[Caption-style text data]
☆ ☆ ☆
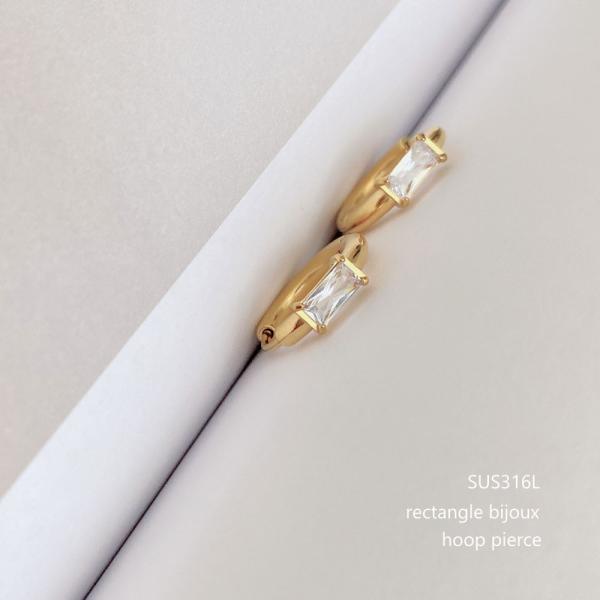 316L 18金コーティング フープピアス キャッチレス レクタングル ビジュー ラインストーン パ...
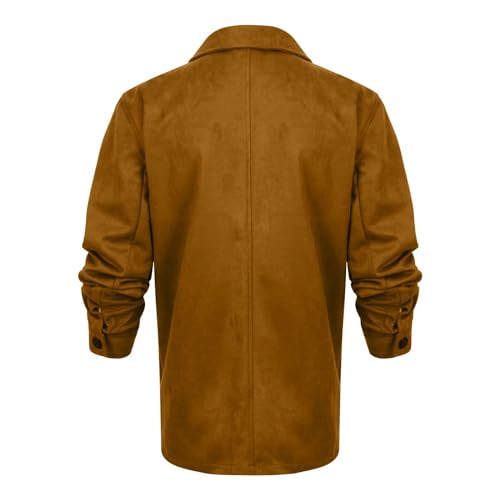 Mens Faux Suede Leather Jacket Single Breasted Button Down Solid Lapel Neck Outerwear Coat with Pocket for Wedding Prom4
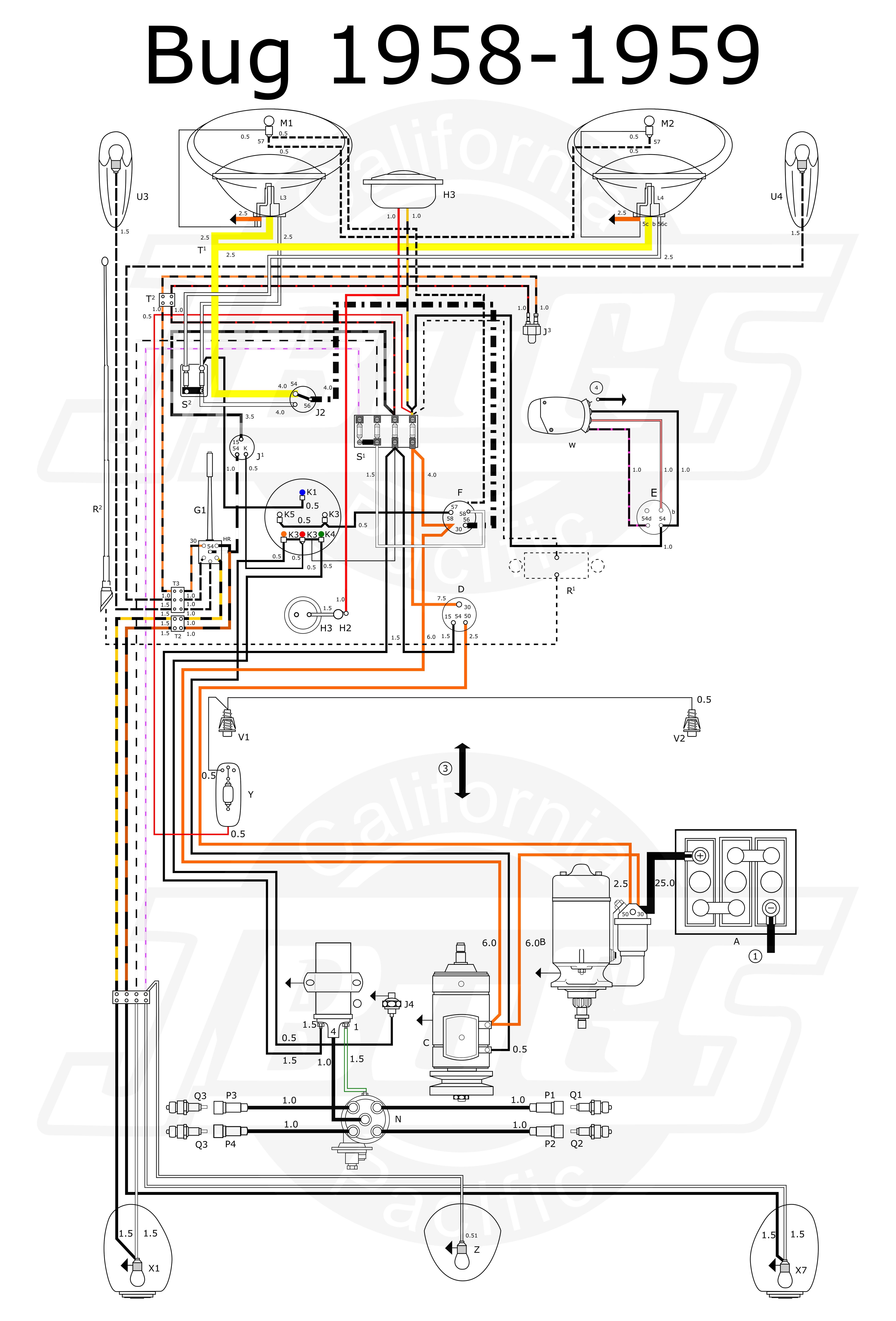 Vw Engine Diagram Vw Tech Article 1958 59 Wiring Diagram Escarabajos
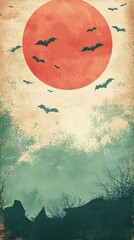 Bats Flying Around A Large Red Moon Over Houses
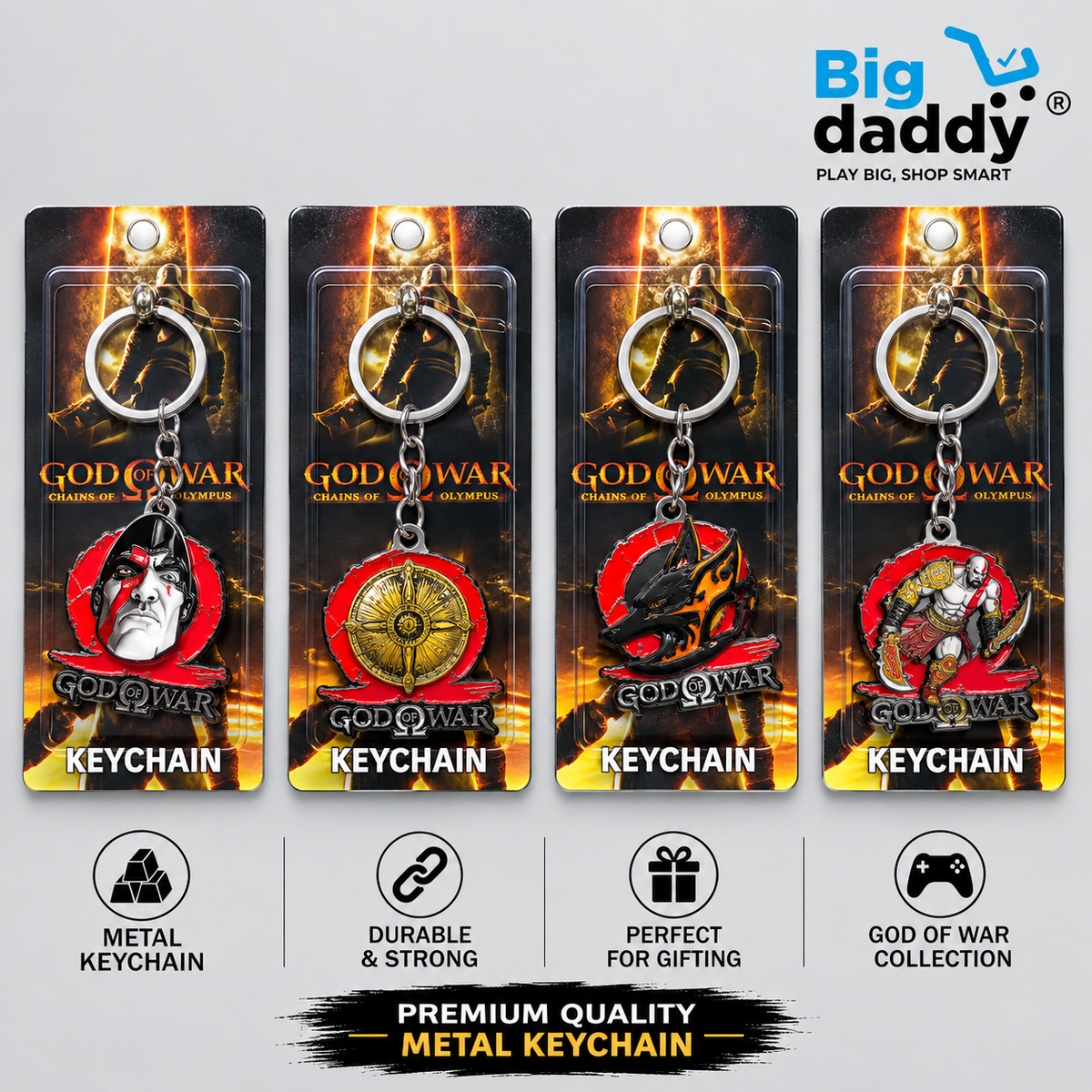 God of war  Mix Rotating keychain pack of 10 ( Net price - 45 )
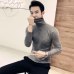 2018 Autumn New Men's Turtleneck Sweaters Male Black Gray Sexy Slim Fit Knitted Pullovers Solid Color Casual Sweaters Knitwear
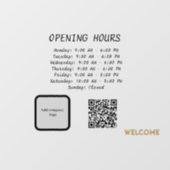 72" * 52" Openingstijden Vensterklemming Raamsticker (Vel)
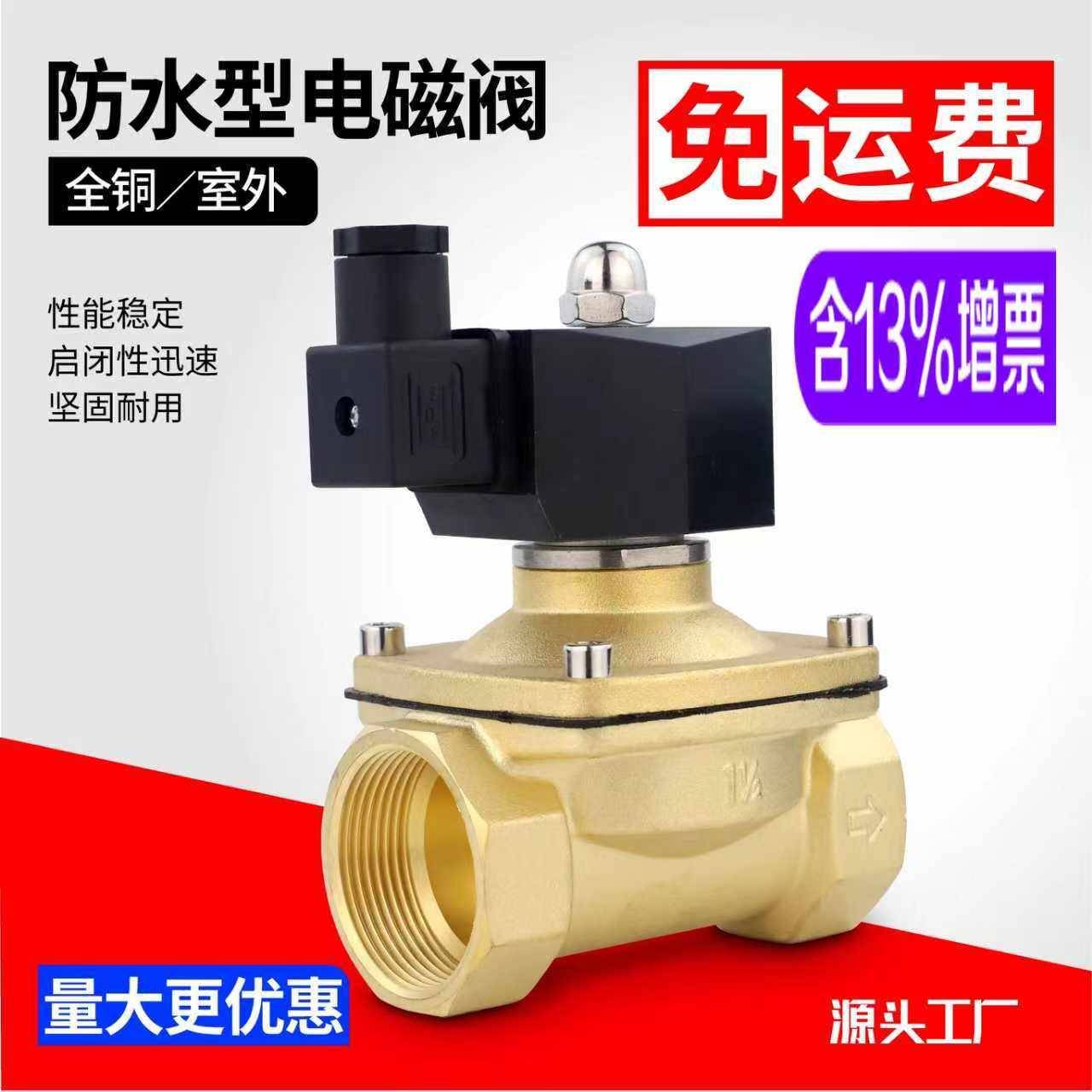 室外防水常闭电磁阀水阀开关阀220VDC24V气阀排水防雾DC12V4分6分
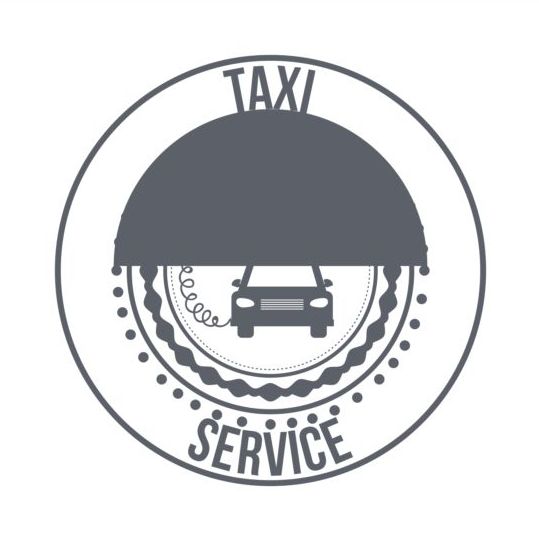 Gray taxi labels set vector 13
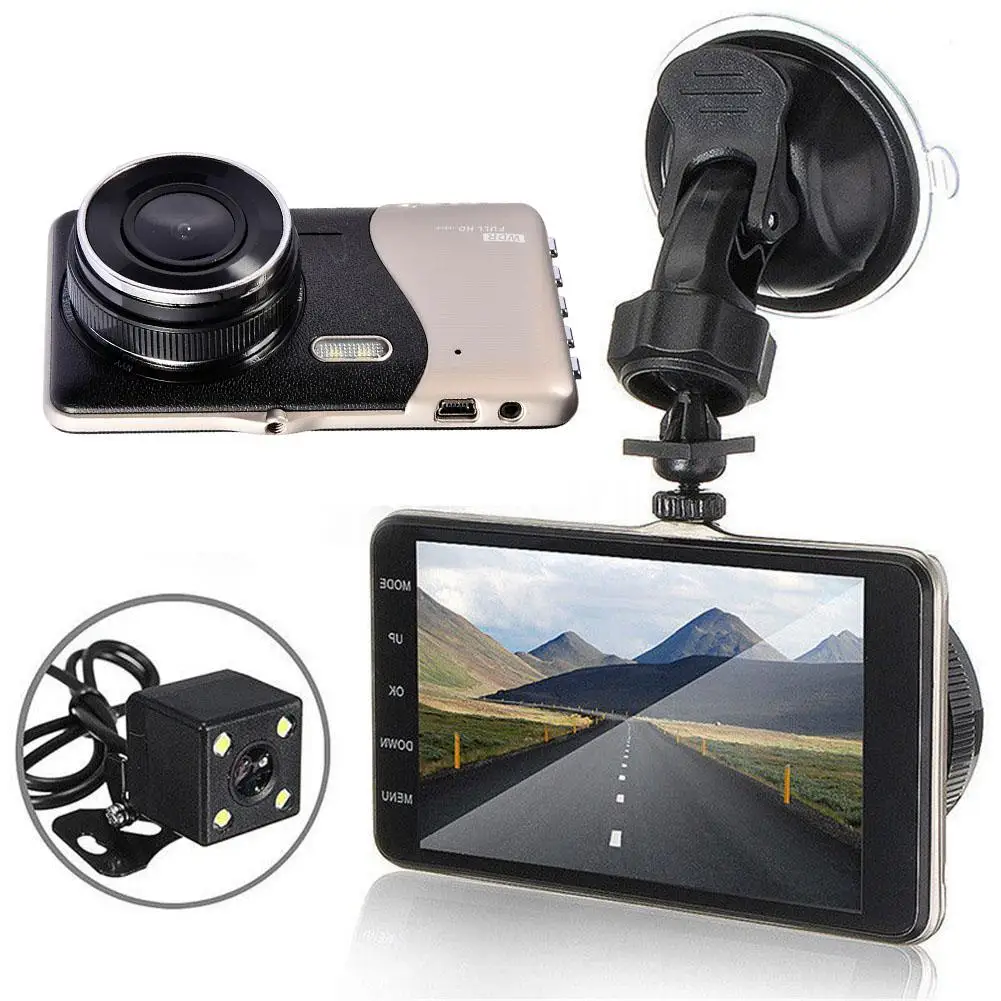 4 дюйма ЖК дисплей Экран 170 градусов Dash Cam Двойной объектив HD 1080P Камера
☆ ☆ ☆
▶ **How to complete this task**:
Leave out the pictures, and retype exactly the lines from the one containing "Gray taxi labels set vector 13" through the final line of the data.

▶ **Solution to this exercise**:
 Gray taxi labels set vector 13
 4 дюйма ЖК дисплей Экран 170 градусов Dash Cam Двойной объектив HD 1080P Камера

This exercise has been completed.